= Tuberculosis control programme of Khyber Pakhtunkhwa =

Pakistani provincial health campaign

The Tuberculosis control programme of Khyber Pakhtunkhwa is a programme established by the health department of Khyber Pakhtunkhwa with the intent of eradicating tuberculosis in the province. Its initial duration was five years, from 2000 to 2005. It was extended with foreign aid through 2008, then continued through 2009 and later through 2012. In 2023, coordinators of the programme worked with Mercy Corps to establish programmes to help eradicate TB across 120 districts in Pakistan. As of 2025, Khyber Pakhtunkhwa had 234 units diagnosing tuberculosis, and TB patients received free treatment.

== Tuberculosis in Khyber Pakhtunkhwa ==
The detection rate of cases in 2016 in the province was 57%. By 2020, the detection had fallen to 40%. In 2025, an estimated 58,000–59,000 cases of tuberculosis were reported to health officials in the province of the more than 100,000 known cases.

A USAID-backed study from January to September 2021 found that 153 samples from patients showed the drug-resistant strains of tuberculosis. Treating one patient with such a strain can cost up to .

== About the programme ==

Programme Mission is TB free Khyber-Pakhtunkhwa. Programme goal is to reduce TB prevalence & death rates by 50% by 2015 relative to 1990. Implementation target is to detect at least 70% of new sputum smear positive cases and cure at least 90% of these cases.

GTZ provided technical assistance.

The program used a mix of public and private funds, with KfW as the private financier, with the partnership ending in August 2015.

In September 2013, the programme reported an 88% treatment success rate. Secretary of Health Ghulam Qadir Khan stated that the treatment success rate by the end of 2013 had increased to 94%. The program had treated more than 800,000 patients by April 2025.

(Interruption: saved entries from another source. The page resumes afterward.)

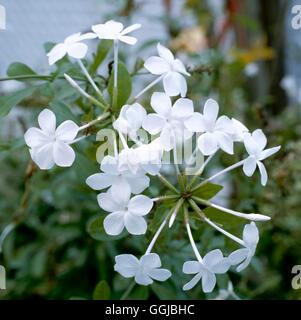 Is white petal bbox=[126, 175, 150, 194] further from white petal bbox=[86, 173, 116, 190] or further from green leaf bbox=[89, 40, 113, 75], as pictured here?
green leaf bbox=[89, 40, 113, 75]

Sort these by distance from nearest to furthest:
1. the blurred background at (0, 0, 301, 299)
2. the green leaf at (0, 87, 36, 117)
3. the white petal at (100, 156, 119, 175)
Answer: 1. the white petal at (100, 156, 119, 175)
2. the green leaf at (0, 87, 36, 117)
3. the blurred background at (0, 0, 301, 299)

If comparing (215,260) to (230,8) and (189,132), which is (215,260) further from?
(230,8)

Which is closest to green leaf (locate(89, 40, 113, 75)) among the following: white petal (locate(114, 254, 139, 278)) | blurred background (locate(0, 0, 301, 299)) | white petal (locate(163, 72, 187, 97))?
blurred background (locate(0, 0, 301, 299))

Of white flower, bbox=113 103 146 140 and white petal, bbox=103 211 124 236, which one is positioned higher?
white flower, bbox=113 103 146 140

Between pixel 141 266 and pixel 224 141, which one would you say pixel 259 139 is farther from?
pixel 141 266

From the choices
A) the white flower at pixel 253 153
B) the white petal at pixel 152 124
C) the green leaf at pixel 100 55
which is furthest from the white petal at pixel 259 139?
the green leaf at pixel 100 55

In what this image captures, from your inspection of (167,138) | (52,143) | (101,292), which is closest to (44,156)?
(52,143) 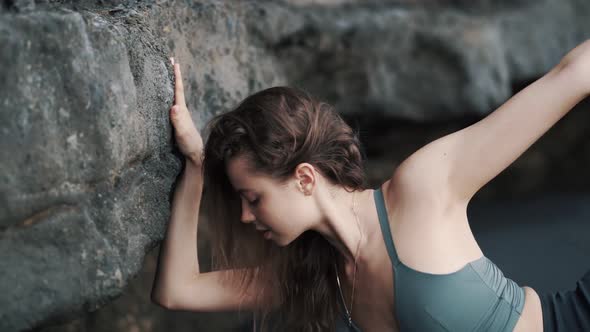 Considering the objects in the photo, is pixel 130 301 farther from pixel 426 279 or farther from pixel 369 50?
pixel 426 279

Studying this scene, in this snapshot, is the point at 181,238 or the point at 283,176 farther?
the point at 181,238

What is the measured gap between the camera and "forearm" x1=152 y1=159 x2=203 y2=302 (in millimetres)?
1790

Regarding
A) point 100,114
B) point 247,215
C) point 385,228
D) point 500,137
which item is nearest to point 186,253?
point 247,215

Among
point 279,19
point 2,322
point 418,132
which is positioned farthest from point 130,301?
point 2,322

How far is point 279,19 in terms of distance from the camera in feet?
8.42

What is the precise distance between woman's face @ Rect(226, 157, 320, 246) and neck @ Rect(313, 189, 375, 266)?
0.06m

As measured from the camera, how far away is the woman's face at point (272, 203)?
1.67 metres

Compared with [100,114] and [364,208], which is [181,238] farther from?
[100,114]

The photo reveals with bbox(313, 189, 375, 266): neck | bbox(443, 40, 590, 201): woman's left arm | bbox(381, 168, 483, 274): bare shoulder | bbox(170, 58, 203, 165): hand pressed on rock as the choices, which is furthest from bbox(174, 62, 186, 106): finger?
bbox(443, 40, 590, 201): woman's left arm

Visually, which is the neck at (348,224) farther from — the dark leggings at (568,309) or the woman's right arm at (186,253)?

== TB Surveillance System in Khyber-Pakhtunkhwa ==

TB Control Programme, Khyber-Pakhtunkhwa is the only programme which has its own web based Electronic Recording and Reporting System. It is the case based recording system which provides access to every patient's record and to monitor performance of each BMU and district. It was developed in last quarter of 2009 with financial support from AGEG-KfW and was launched in 1st quarter of 2010.

The basic objective was to have a system which can help to generate error free report and to strengthen the TB surveillance system. TB Control Programme, KP was maintaining TB data in MS Excel Files since 2002 which was holding data collected from districts and consolidating to generate province report but the quality of the data was always in question and chances of errors were high because of manual collection and generation of reports by the district TB control officers.

Introduction of ERS addressed many issues. Now DOTS facilitator at district TB control office enter TB patient's data from TB03 register just like he/she enter it in TB03 itself, the system records it along with its follow-up data and generate WHO standard reports at the end of each quarter. Also it performs analysis on the reports to show the progress and performance of the BMU, District and Province. With the help of ERS district TB control officer and provincial TB control authority can access and monitor the data of patients registered in periphery.

TB control programme upgraded their system in January, 2011. Keeping in view the feed backs from the districts. The system has the capacity to be upgraded further and new features can be introduced to strengthen it more, it can be attached to increase its scope to other TB related activities and to help TB management staff by getting quality data in real time.